The volume of attacks has skyrocketed. Anyone can download tools on the Internet to launch an attack.
Modern technology allows viruses to multiply quickly from computer to computer. One virus that made national headlines a few years ago, known as the Sapphire or Slammer Worm, doubled every eight seconds and infected millions of computers.
Caleb Tennis, chief technology officer at the Data Cave in Columbus, said hacking computers is a huge business. He said much of that information — particularly credit card numbers — have a value on the black market.
“If you can steal 10,000 credit card numbers, that’s a lot of money,” he said. “There’s a lot of ways for people to gain access to your data, and it’s changing all the time.”
That’s why the C4 Servers and Security class is so important, said Tennis, who plans to get involved with the C4 pathway as a community partner. Companies realize the importance of protecting their information, which he said emphasizes a need for trained professionals who receive continuing education to stay ahead of hackers.
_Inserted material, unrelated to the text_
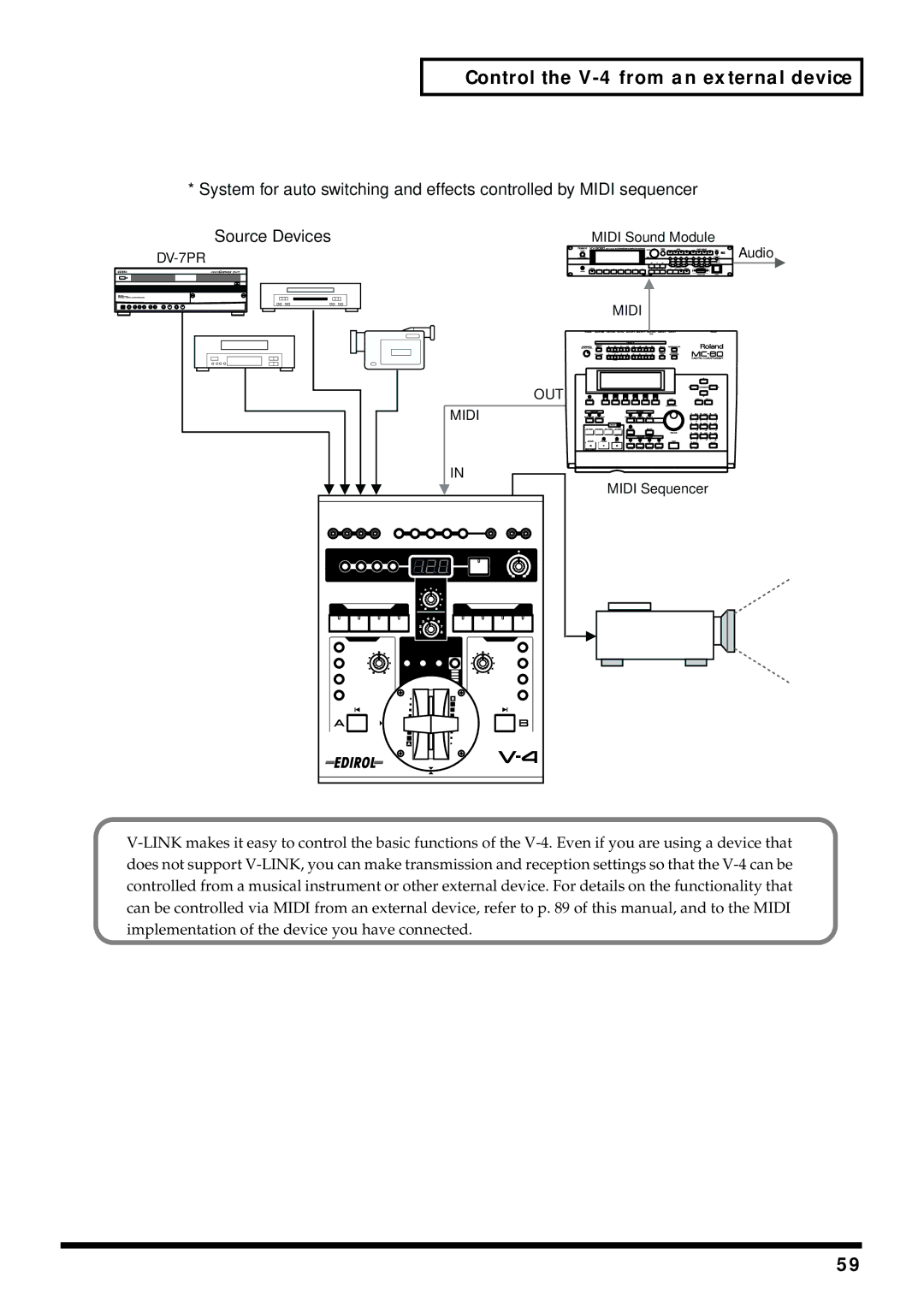 Edirol V-4 owner manual DV-7PR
Gary Drake, 17, a senior from North who is taking the Servers and Security class, said he spent the summer helping reset passwords, installing antivirus software and refreshing other personalized settings for the school district.
He is continuing to work for the district through the year as an assistant computer technician, which is giving him hands-on experience in the field.
He said he knows from what he has learned that anything can happen when it comes to viruses and attacks.
Mike Riley said he expects the number of students in the Servers and Security class to increase in the next few years. Although it has only six students this year, he said 13 students are in the second-year networking class this year and likely will take the junior-year class.